Single by Chris Brown

from the album Breezy
- Released: April 1, 2022
- Recorded: 2020–22
- Genre: R&B; hip hop soul;
- Length: 3:55
- Label: RCA; CBE;
- Songwriters: Chris Brown; Ellery "EMack" McKinney; Wilbart McCoy III; Bernard Belle; Teddy Riley;
- Lyricists: Christopher Brown; Ellery "EMack" McKinney; Wilbart McCoy III;
- Producer: Don City

Chris Brown singles chronology
| "Iffy" (2022) | "WE (Warm Embrace)" (2022) | "Monalisa (Remix)" (2022) |

Music video
- "Warm Embrace" on YouTube

= WE (Warm Embrace) =

2022 single by Chris Brown

"WE (Warm Embrace)", also known by the simplified title "Warm Embrace", is a song by American singer and songwriter Chris Brown, released by RCA Records as the second single from his tenth studio album, Breezy, on April 1, 2022. Brown co-wrote the song with Ellery McKinney and Wilbart McCoy III and contains an interpolation of Guy's 1991 single "Let's Chill". The song garnered positive reviews from critics, that praised the singer's vocal performance and the track's content. "Warm Embrace" debuted and peaked at numbers 22 and 79 on both the Billboard Hot R&B/Hip-Hop Songs and Hot 100 charts respectively, and was certified Gold by the Recording Industry Association of America (RIAA). An accompanying music video for the single was directed by Arrad and features American singer Normani.

==Background==
In November 2020, Brown created an OnlyFans account, where he previewed snippets of two songs, titled "Sleep at Night" and "Warm Embarce", off his then-upcoming Breezy album. Following the release of "Iffy", in March 2022 he announced that "Warm Embrace" would be the second single from Breezy, announcing its release date for April 1, alongside teasing a joint tour for Summer 2022 with a mystery co-headliner. On March 15, 2022, Brown shared a snippet of the song on his Instagram account with the caption "Is this the BREEZY you've been waiting for?". The song was released on April 1, 2022, as the second single from his tenth studio album, Breezy.

==Composition==
"Warm Embrace" is an R&B slow-jam, that contains an interpolation of Guy's 1991 single "Let's Chill". According to Vibe the "romantic" content of the song "eases away from his recent trajectory of hyper-sexual music" being part of the crooner's "soft side". Brown starts the song's second verse by singing: "Take my chance and dive into your ocean, yeah / Tried my best to give you all that you want / Girl, before you leave, let me love every part of your anatomy / And I want you to pour your pain on me". Keithan Samuels of Rated R&B commented "Warm Embrace"'s lyrical content saying that it "shows the tender side of Brown as he aims to sexually please his stressed-out partner the best way he can".

==Critical reception==
"WE (Warm Embrace)" received critical acclaim. Vibes reviewer Mya Abraham praised the track as "endearing", and stated its sound is reminiscent of ’80s R&B. Keithan Samuels of Rated R&B found the song to be "sweet-sounding". HotNewHipHop called it a "sensual slow jam", and complimented its "clever interpolation". The song was listed among the top 5 best R&B songs of 2022 by Vibe: "["Warm Embrace"] will go down in history as one of Chris Brown’s most timeless songs".
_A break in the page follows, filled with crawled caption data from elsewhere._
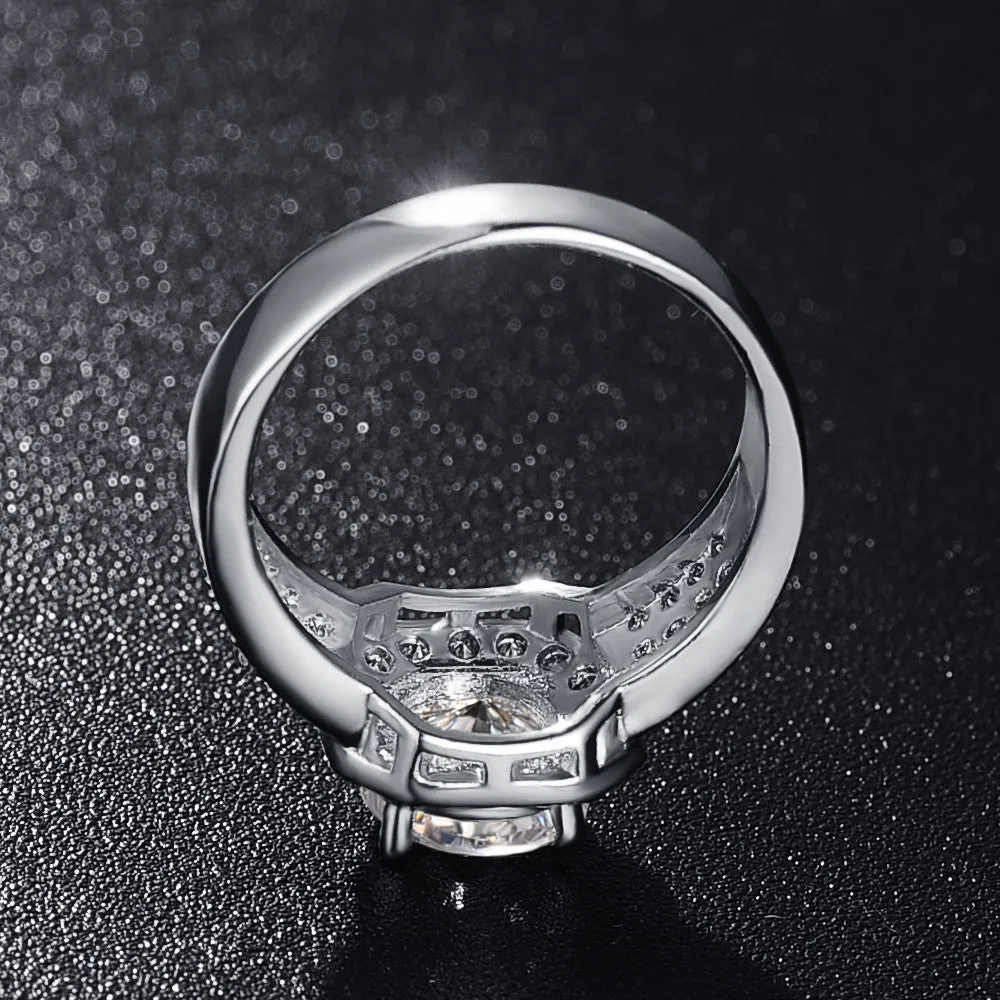 New Trendy Ring Silver Plated Square Shape Micro Pave AAA Cubic Zircon Brand Ring For Wedding Fine Jewelry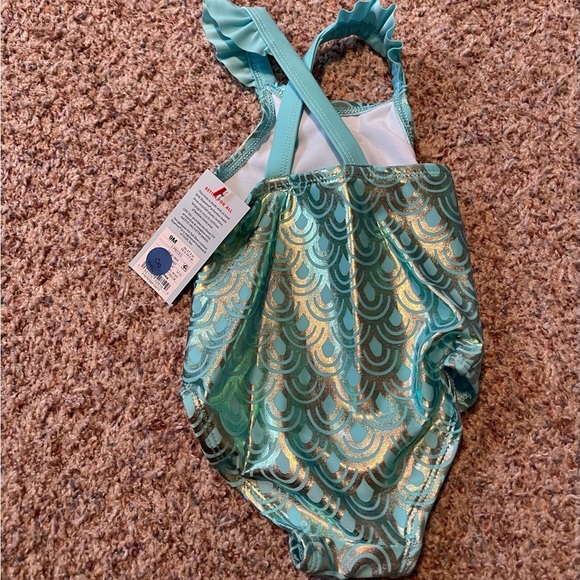 Cat & Jack Aqua and Gold Swimsuit - Picture 2 of 2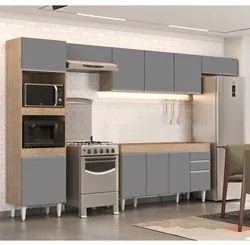 Armário de Cozinha Modulada 5 Peças CP13 Balcão Castanho/Cinza - Lumil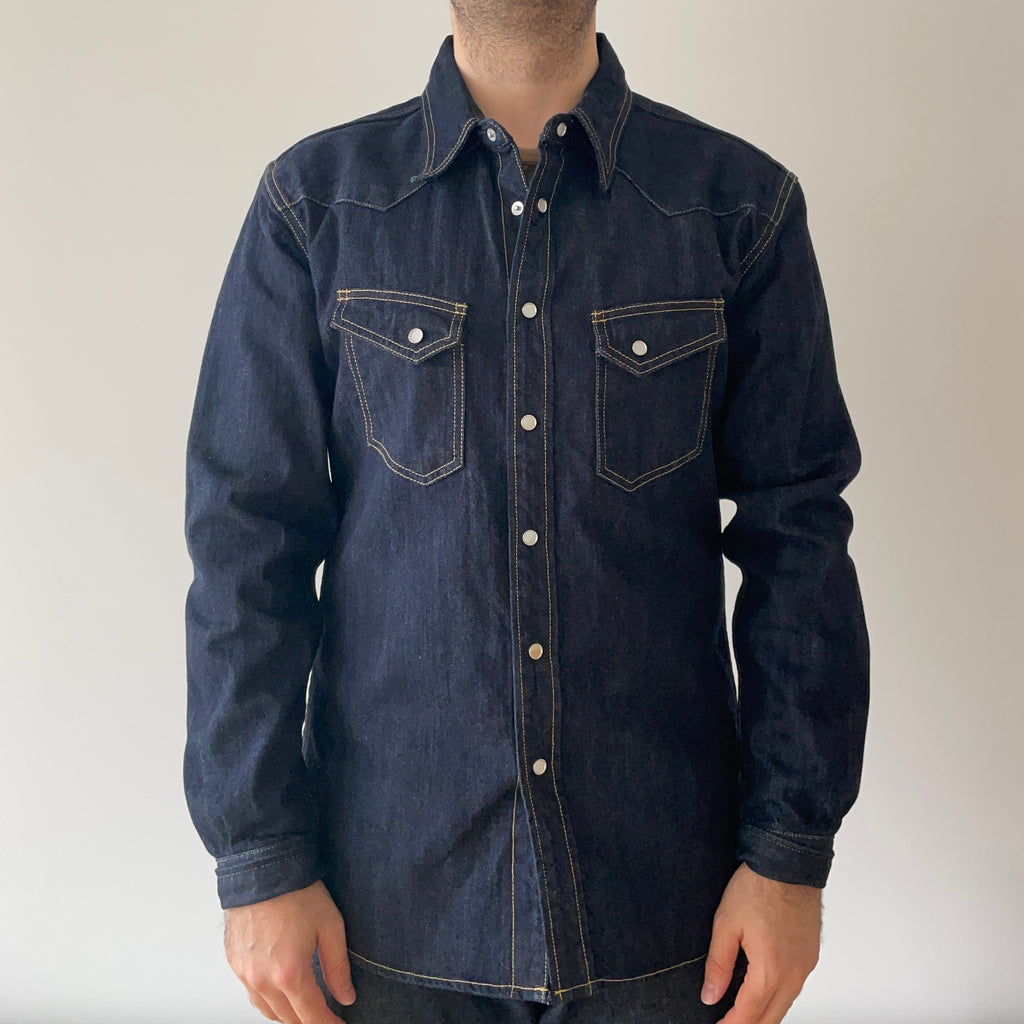 10oz Selvedge Denim Western Shirt in Indigo SDW-001L - Tempo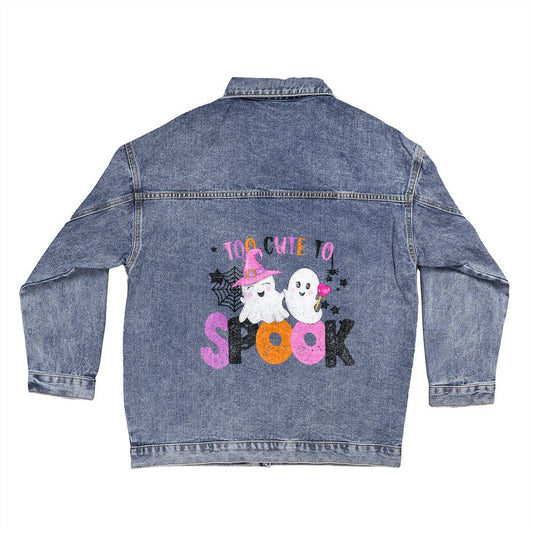 Too Cute to Spook Halloween Denim Jacket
==Commercial performance==
On the week of July 9, 2022, "WE (Warm Embrace)" debuted and peaked at numbers 22 and 79 on both the Billboard Hot R&B/Hip-Hop Songs and Hot 100 charts respectively.

==Music video==
The song's accompanying music video was released on June 21, 2022, and features a cameo by American singer Normani. Additionally, it was directed by Arrad. The video was nominated for "Video of the Year" at BET Awards 2023, and for "Best Dance Performance" at 2022 Soul Train Music Awards.

===Synopsis===
The video starts with Brown falling into a dark-turned-multicolor abyss as a sneak peek of his track "Sleep at Night" soundtracks his dreamy descent. Brown abruptly wakes up, finding his girl, interpreted by American singer Normani, wearing a silk bustier slip dress that sweeps the floor she and Brown waltz on. The two slip out of their titular warm embrace and have an underwater kiss as he croons, “Take my chance and dive into your ocean”. The video continues alternating visuals of Brown performing the song with a band on a seafront, his shadow dancing in a yellow-neon-lighted scenario, the crooner singing the song in a room full of kaleidoscopical mirrors, and the two lovers expressing their mutual sentiment on the frontseat of a vintage Mercedes-Benz until a mysterious light makes them float into a UFO.

==Charts==

Chart performance for "WE (Warm Embrace)"
| Chart (2022) | Peak position |
|---|---|
| New Zealand Hot Singles (RMNZ) | 4 |
| South Africa Streaming (TOSAC) | 59 |
| US Billboard Hot 100 | 79 |
| US Adult R&B Songs (Billboard) | 27 |
| US Hot R&B/Hip-Hop Songs (Billboard) | 22 |
| US R&B/Hip-Hop Airplay (Billboard) | 13 |

==Certifications==

Certifications for "WE (Warm Embrace)"
| Region | Certification | Certified units/sales |
| New Zealand (RMNZ) | Gold | 15,000^{‡} |
| United States (RIAA) | Gold | 500,000^{‡} |
^{‡} Sales+streaming figures based on certification alone.